Governors of Plantations Act 1698
- Parliament of England
- Long title: An Act to punish Governors of Plantations in this Kingdom for crimes by them committed in the Plantations
- Citation: 11 Will. 3 c. 12; 11 & 12 Will. 3. c. 12;
- Territorial extent: England and Wales

Dates
- Royal assent: 11 April 1700
- Commencement: 1 August 1700
- Repealed: 8 November 1995

Other legislation
- Amended by: Criminal Justice Act 1948;
- Repealed by: Statute Law (Repeals) Act 1995

Status: Repealed

Text of statute as originally enacted

= Governors of Plantations Act 1698 =

Act of the Parliament of England

The Governors of Plantations Act 1698 (11 Will. 3. c. 12) formally titled "An Act to punish Governors of Plantations in this Kingdom for crimes by them committed in the Plantations" was an act of the Parliament of England passed during the reign of William III of England.

It is the earliest English or British legislation by which Crown servants, including diplomats and governors, could be punished under English law for offences committed abroad.
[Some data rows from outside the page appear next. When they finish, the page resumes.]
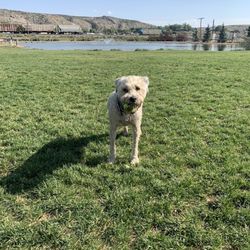 Rock Springs Dog Park - Showing off his ball.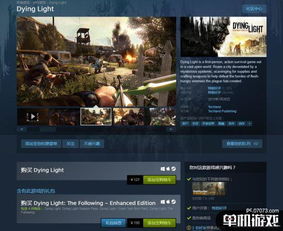 《消逝的光芒》Steam中文成就攻略汇总，深度解析必看技巧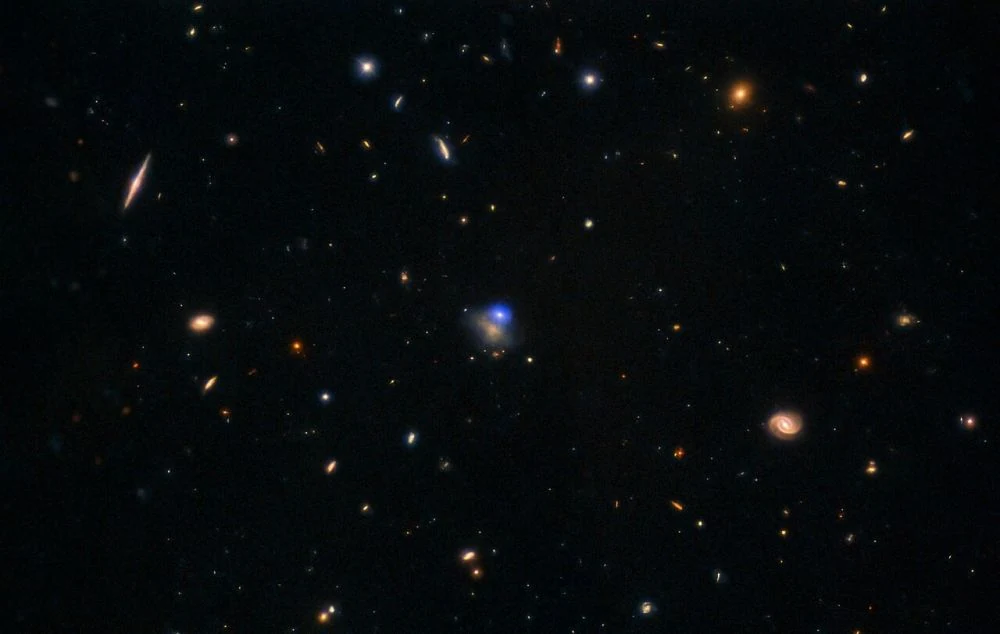 Luminous Fast Blue Optical Transients Are Likely Large Black Holes Shredding Their Massive Companions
A notable prosecution under the act was in the case of R v Wall in which Joseph Wall, the former governor of Gorée, was hanged for causing the death of a soldier following an illegal flogging 20 years previously.

== Subsequent developments ==
The whole act was repealed by section 1 of, and part II of schedule 1 to, the Statute Law (Repeals) Act 1995, which came into force on 8 November 1995.